We tried to bring the readers into the whole Marvel world with us, so they weren't just fans. They were friends. I tried to talk to the readers as if I was sitting right with them and they were sharing the excitement with me. Tried to keep everything informal and friendly and exciting.
PITTS: You also seemed to enjoy creating, for want of a better phrase, a bunker mentality in which here was little, tiny Marvel taking potshots at this huge giant, DC. It was the underdog syndrome.
LEE: That was the case. We were definitely the underdogs. DC was the giant in the field when it came to superheroes. They had; I don't know how many superhero titles. We only had the Fantastic Four when we started, but we kept adding. DC was owned by Warner Brothers, and they were big and wealthy. We were the little outfit, and we were very excited about the fact that we were suddenly starting to compete with DC and people were noticing us. It was a great feeling.
PITTS: In rubbing shoulders with your fellow professionals, did you get the feeling they saw you guys at Marvel as a contender?
LEE: I never really thought of it that way. I was friends with most of the staff at DC and when we got together, we just kidded around and talked. I didn't think of it in those terms.
PITTS: Let's put it this way: was there an event or a time when you suddenly realized that Marvel would, as you liked to put it back then, take over the world?
LEE: I don't know when that time was, but I began to get a sense of that as time went on. I could tell by the fan mail. I could tell by the reception I got when I went to comic book conventions. I would be there with members of the DC staff and all the questions were directed at me from the fans in the audience. All the interest seemed to be for Marvel. And little by little, yeah, you'd have to be blind not to realize that Marvel was where the excitement was in those days. I'd like to think it still is.
PITTS: You got a letter once from a woman who thanked you for helping her to raise her son so well. I'm sure that's not the only letter of that type you've received. How does it feel to have helped raise a generation of kids?
LEE: Very good. Wonderful. You're right, I've gotten many letters like that, and I treasured them, and I cannot tell you how gratified they made me feel, how warm they made me feel. You know, when you're a writer, you sit at a typewriter alone and you're batting out a lot of words and you have no idea if anybody's reading them or if anybody cares. I guess everybody likes to feel that what he does has some meaning to somebody.

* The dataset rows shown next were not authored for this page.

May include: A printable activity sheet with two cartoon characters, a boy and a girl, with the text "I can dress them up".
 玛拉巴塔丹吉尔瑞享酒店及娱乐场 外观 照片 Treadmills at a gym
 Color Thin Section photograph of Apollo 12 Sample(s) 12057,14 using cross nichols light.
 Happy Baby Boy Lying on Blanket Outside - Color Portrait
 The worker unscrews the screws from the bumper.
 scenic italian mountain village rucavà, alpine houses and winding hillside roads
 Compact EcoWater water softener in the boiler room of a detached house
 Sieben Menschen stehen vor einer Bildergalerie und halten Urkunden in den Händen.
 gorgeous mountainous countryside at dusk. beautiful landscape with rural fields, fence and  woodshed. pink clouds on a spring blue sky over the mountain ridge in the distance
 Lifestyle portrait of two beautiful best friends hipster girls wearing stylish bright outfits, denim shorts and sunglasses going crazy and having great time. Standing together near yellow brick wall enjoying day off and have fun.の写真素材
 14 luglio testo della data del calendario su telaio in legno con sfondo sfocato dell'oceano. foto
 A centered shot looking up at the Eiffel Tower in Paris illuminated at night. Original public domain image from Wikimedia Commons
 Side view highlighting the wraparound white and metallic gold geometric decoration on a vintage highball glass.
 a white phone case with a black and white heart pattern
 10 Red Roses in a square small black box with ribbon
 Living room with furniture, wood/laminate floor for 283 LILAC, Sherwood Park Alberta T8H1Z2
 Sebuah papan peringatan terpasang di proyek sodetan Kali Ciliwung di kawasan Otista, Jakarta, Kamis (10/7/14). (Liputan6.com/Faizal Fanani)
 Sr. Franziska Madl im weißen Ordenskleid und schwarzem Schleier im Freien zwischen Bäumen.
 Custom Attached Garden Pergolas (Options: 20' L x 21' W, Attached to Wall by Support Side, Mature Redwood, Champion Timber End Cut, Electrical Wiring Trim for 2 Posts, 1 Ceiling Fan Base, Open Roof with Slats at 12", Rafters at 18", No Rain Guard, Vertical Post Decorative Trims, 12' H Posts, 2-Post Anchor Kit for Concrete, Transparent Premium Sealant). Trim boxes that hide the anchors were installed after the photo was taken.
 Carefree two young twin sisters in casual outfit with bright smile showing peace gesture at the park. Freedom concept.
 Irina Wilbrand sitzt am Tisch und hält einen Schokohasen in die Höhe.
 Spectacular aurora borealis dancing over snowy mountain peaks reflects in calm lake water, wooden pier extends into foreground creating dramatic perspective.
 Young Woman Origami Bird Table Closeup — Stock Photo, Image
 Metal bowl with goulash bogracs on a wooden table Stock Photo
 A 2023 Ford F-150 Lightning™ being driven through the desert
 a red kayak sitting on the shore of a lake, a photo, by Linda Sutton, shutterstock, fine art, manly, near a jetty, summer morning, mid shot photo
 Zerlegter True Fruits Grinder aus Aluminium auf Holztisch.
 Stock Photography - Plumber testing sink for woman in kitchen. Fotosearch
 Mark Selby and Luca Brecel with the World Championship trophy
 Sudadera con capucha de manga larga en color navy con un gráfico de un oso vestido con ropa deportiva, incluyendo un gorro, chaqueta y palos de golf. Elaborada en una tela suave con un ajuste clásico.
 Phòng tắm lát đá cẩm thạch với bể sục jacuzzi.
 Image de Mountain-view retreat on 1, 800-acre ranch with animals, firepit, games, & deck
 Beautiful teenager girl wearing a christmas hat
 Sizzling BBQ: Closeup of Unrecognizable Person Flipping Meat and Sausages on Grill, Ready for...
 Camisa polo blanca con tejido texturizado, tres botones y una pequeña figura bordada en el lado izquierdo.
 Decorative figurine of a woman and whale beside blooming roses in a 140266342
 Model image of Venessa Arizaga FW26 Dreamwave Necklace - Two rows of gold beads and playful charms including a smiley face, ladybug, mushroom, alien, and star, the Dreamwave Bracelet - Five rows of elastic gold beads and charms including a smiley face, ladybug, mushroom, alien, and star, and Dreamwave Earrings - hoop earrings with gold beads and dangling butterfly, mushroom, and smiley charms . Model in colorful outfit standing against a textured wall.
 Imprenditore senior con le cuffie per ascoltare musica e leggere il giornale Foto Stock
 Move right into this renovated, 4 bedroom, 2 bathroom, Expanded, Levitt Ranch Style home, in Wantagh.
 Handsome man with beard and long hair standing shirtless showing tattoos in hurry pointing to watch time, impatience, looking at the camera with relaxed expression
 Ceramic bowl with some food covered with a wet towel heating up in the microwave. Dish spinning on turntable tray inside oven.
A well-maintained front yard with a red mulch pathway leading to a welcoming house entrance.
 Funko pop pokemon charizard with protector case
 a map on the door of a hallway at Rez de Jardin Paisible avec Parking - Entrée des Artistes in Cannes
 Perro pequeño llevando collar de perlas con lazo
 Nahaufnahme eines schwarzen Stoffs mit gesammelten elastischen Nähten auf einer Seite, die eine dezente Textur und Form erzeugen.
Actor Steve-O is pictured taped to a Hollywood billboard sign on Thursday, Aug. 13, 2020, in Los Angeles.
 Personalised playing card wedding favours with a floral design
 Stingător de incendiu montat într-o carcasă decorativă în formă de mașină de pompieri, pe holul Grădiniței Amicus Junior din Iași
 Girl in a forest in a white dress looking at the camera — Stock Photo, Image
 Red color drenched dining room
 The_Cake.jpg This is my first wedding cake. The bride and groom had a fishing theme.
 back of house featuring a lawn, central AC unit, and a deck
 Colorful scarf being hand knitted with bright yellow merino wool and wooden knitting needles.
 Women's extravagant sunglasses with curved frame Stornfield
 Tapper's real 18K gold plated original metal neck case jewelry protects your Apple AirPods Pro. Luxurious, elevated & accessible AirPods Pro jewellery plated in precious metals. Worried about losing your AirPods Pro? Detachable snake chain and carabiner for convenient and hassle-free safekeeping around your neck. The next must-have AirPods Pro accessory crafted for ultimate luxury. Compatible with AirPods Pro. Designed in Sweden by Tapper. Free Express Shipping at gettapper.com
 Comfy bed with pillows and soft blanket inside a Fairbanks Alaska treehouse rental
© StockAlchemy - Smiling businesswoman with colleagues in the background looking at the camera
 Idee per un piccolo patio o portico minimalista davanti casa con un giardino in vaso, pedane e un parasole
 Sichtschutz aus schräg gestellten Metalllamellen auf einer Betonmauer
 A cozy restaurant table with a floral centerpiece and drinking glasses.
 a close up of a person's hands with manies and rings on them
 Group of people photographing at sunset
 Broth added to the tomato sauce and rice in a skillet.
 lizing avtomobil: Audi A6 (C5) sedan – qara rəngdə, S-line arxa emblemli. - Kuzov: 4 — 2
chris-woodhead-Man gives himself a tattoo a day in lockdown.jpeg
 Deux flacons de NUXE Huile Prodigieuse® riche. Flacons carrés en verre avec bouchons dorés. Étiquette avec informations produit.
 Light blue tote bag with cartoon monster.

I used to liken it to a disc jockey who has a late-night show somewhere and he sits in a little room by himself talking into a microphone. He kind of hopes somebody, somewhere is listening, but how does he ever know? And suddenly you start getting this mail, all this feedback. I got letters from kids who said, ‘Stan. I'm having a Bar Mitzvah. I'd love it if you'd come. My father says he'll pay your fare.’ I got a letter from a kid saying, ‘I had to deliver a valedictorian address. I just graduated and for the subject of my address. I used a speech you had the Silver Surfer make in issue# so and so’...or ‘My mother said. how come my English grades are improving so and I told her I'd been reading Marvel Comics, and she didn't believe me.’ Sure, it was wonderful receiving mail like that.
PITTS: I'd be remiss if I didn't tell you that I interviewed Kirby for this book and frankly, I didn't know what I was letting myself in for. He's a very bitter man. Very angry. There were a lot of things he said about you that I would like you to have the opportunity to respond to, if you're of a mind to.
LEE: Okay.
PITTS: Let's start with the picture he paints of his contribution to Marvel. As he put it. ‘I saved Marvel's ass’. He says when he walked in for his first meeting with you, you had your head down on the desk crying because Marvel was to be closed. You were in despair. An emotional wreck and he came and told you, ‘Look, we can do this, we can do that, and we can revolutionize comics’.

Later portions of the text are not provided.